Thursday, July 22, 2010

Returning Home

Our Grand Trip is over. One hundred days exploring the Holy Land, Italy, Spain, Sweden, France, and Ireland (with a surprise trip to Boston time thrown in). We've spent the last days reflecting on the adventures, and have let the underlying meaning(s) take their time to surface. This experience truly gifts us "life and food for future years."

I look back to my first blog post written in London (in transit to Jerusalem) and notice its focus on a local cemetery-turned-public-park. Funny: this evening I walked through another cemetery, part of Glendalough National Monument in Ireland. Centuries ago, St. Kevin found a stunning, serene mountain valley embracing two narrow lakes and decided to live in a hard-to-reach cave as a hermit. As news of his commitment and wisdom spread, followers arrived. Since it became difficult to be a popular hermit, he founded a monastery instead.

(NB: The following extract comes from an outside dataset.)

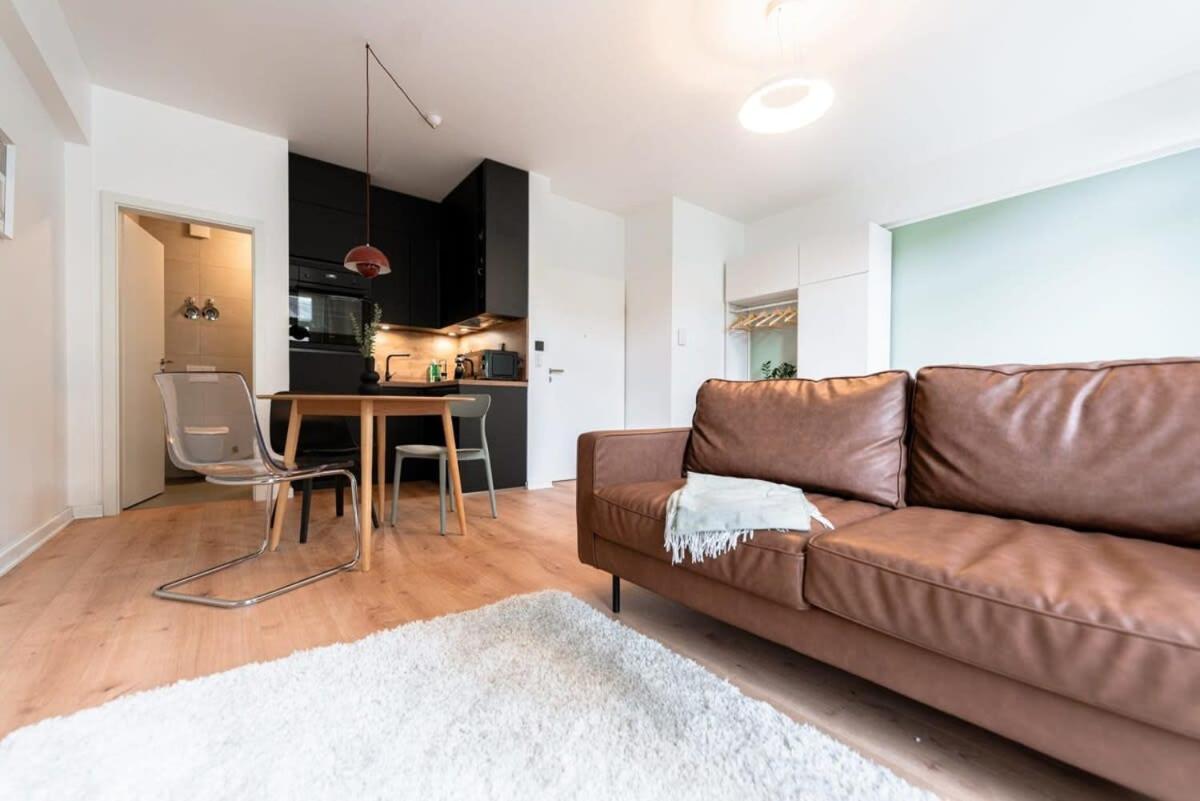 Renovated Chic Studio 5 Min to City Center - Housity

On my way back from the local tavern with correct change for the internet service, I realized that I could have the old monastery grounds to myself away from the daily tour bus crowds. The double stone arch marked my entrance as I made my way past a roofless stone church, its floor now covered only with gravel and the occasional grave marker. A vista opened down the valley we had hiked earlier today, swallows flitted past, and it suddenly occurred to me that this was sacred ground. I slipped off my sandals, not because a burning bush began talking to me, but as a way of honoring this place of rest and devotion to God. Even more, I thought as I walked on the fine gravel, I wanted to honor and give thanks for the privilege of time and money that made this trip, peppered with pilgrimages, possible. We return home to the busy business of moving to Tennessee and beginning three years of seminary study. I will bring with me a quieted inside, gratitude, a renewed awe for God's expansive creation and a honed respect for history and what it tells us today about what humans are capable of.

Tuesday, July 13, 2010

Why I Just Walked 72 Miles

Joined by our good friends Matt and Molly, Laurel and I spent the last five days walking the final 72 miles of the Camino de Santiago, a medieval pilgrimage route in northern Spain to the traditional site of St. James' final resting place (the story of how he got there from the Middle East, which involved a stone boat, is worth a read!)

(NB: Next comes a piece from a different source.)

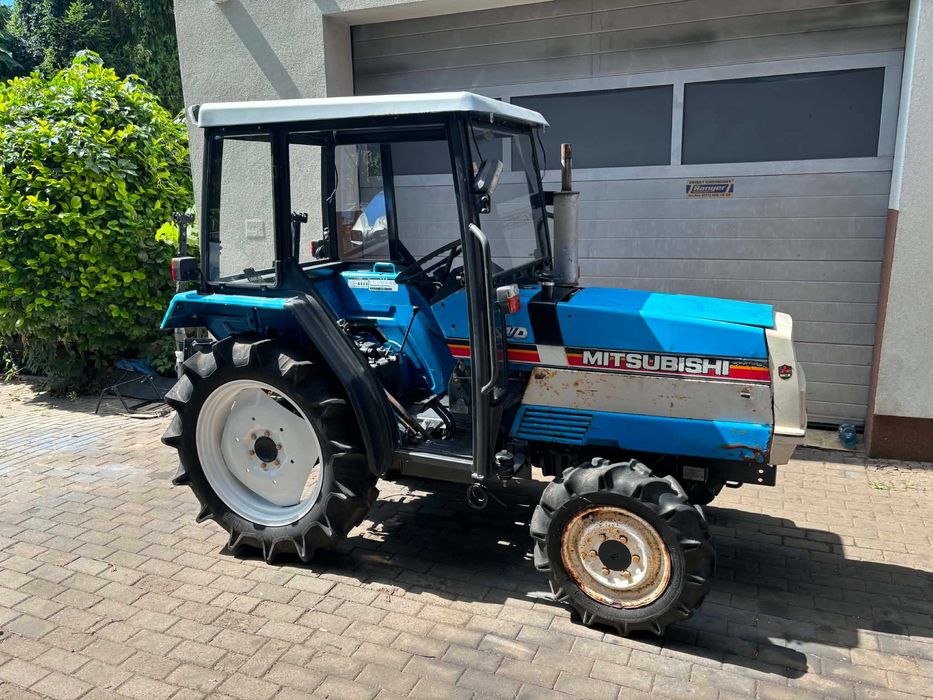 Mitsubishi MT2001DX traktorek ogrodowy 4WD 4x4, 20KM KABINA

As you can imagine, we had a lot of time for thinking, so I spent some of the time pondering the question, "Why am I doing this?!" The coolness factor, for starters: when else will I walk 69 miles in 4 days and 21 miles in one day ever again? Good bragging material, clearly. As a goal-oriented Western experience collector, there was a specific goal and (thankfully) good signage that led to a successful arrival at our destination.

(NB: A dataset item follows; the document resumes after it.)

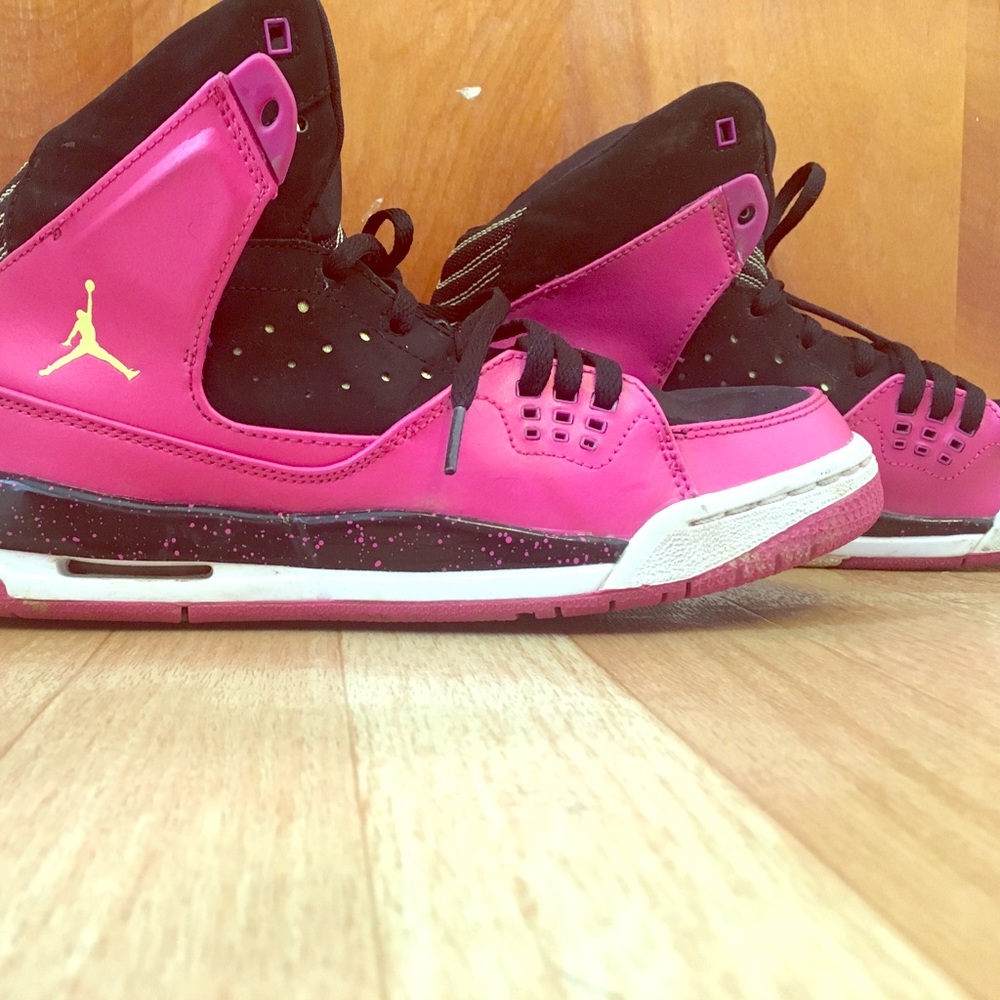 Air Jordan's girls basketball shoes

Then there's the pragmatic rationalization: since I'm soon to begin seminary and aspire to become an Episcopal priest, I figured it would be helpful as I imagined how far Jesus walked from the Sea of Galilee to the Jordan River by Jericho to be baptized. Practical, right?

We figured it would be fun to travel with Matt and Molly, and it was. The four of us hadn't really factored in how the my-foot-is-about-to-explode pain might detract from the fun quotient, however.

Of course, there was something else larger than these reasons and less tangible, more mysterious. For more than 1000 years people have walked far greater distances than our measly 116 km for penance, for hope, in faith. Pilgrims packed Santiago's cathedral at the end of the journey for the daily Mass, sitting at the base of columns, standing everywhere, beyond tired and still searching for something even as we realized this particular quest was over. We yearned for a ritual that would preserve the spirit of this experience and guide us in a new direction.

We head to Ireland for 9 days tomorrow, and then we will be home in San Diego for only a few days before driving to Tennessee to begin seminary. It too will be cool, practical, and fun (hopefully free from foot pain, though) -- but it also involves a larger, longer, and more mysterious search for Home.